It's not clear from the reports whether this is known to be the first uuid_generate call.
It might help if someone afflicted could say if this is always the first call...
Since it does look dead simple on the face of it.
But there's that almost-ambiguous extra indirection in there
int MakeUUID(char *location) { uuid_t uuid; uuid_generate(uuid); memcpy((void *)location, (void *)&uuid, sizeof(uuid)); return 1; }
since uuid_t is an array type, the & in (void *) & uuid is one of those C miseries; who knows?
Anyway, is it the first uuid, or a subsequent one, that dies?
-b
On Sat, Jul 18, 2009 at 08:33:32AM +0200, Brent Pinkney wrote:
As a workaround, how is this?
UUID>>initialize "Some unix versions crash with the UUID prim, so disable it for all of 'em" Smalltalk platformName = 'unix' ifTrue:[UUIDGenerator default generateBytes: self forVersion: 4] ifFalse:[self primMakeUUID].

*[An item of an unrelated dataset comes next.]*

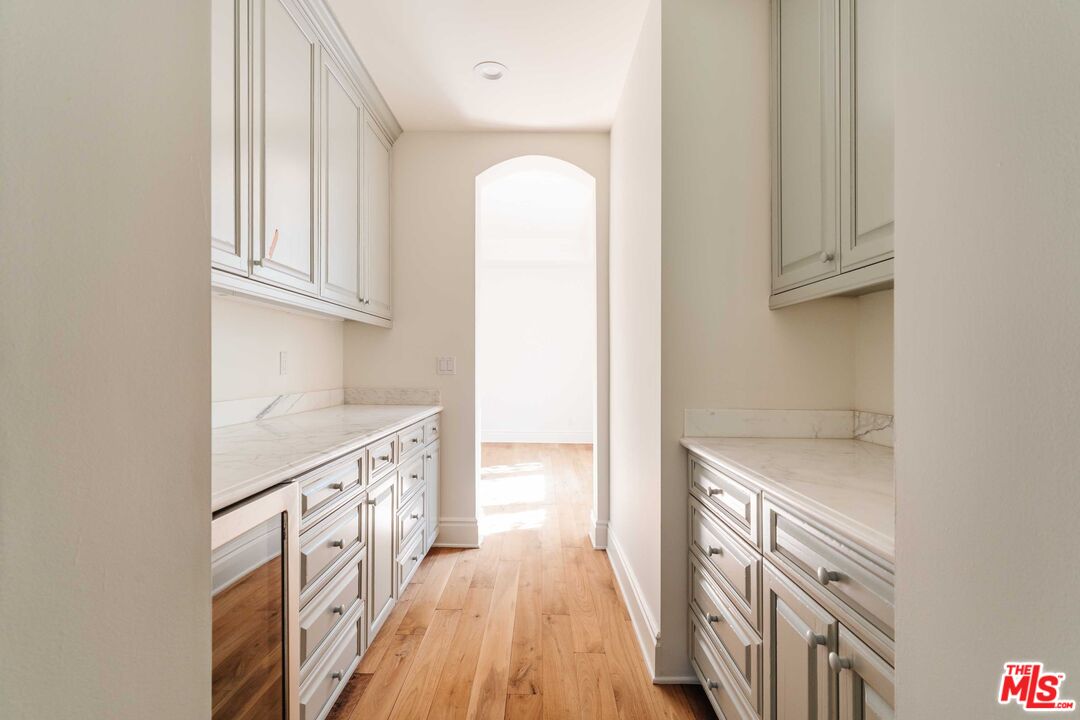 685 San Lorenzo Street Santa Monica, CA 90402 - Photo 13 of 44 a kitchen with granite countertop a sink stainless steel appliances and cabinets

No lads, we use this in a production telco environment - lets fix it properly.
Agreed.
Someone (faried) has added an additional Mantis report on this problem, see http://bugs.squeak.org/view.php?id=7371.
The new bug report contains some useful gdb output showing a segfault occuring in the actual uuid_generate() library call. The VM support code wrapping this call looks dead simple, so I'm hard pressed to see how that could be wrong. This plugin is trivial; we must be missing something obvious.
Note, I'm not actually working on this bug, and I've never seen it happen. I'm just tracking it in Mantis and hoping that someone can point to a solution.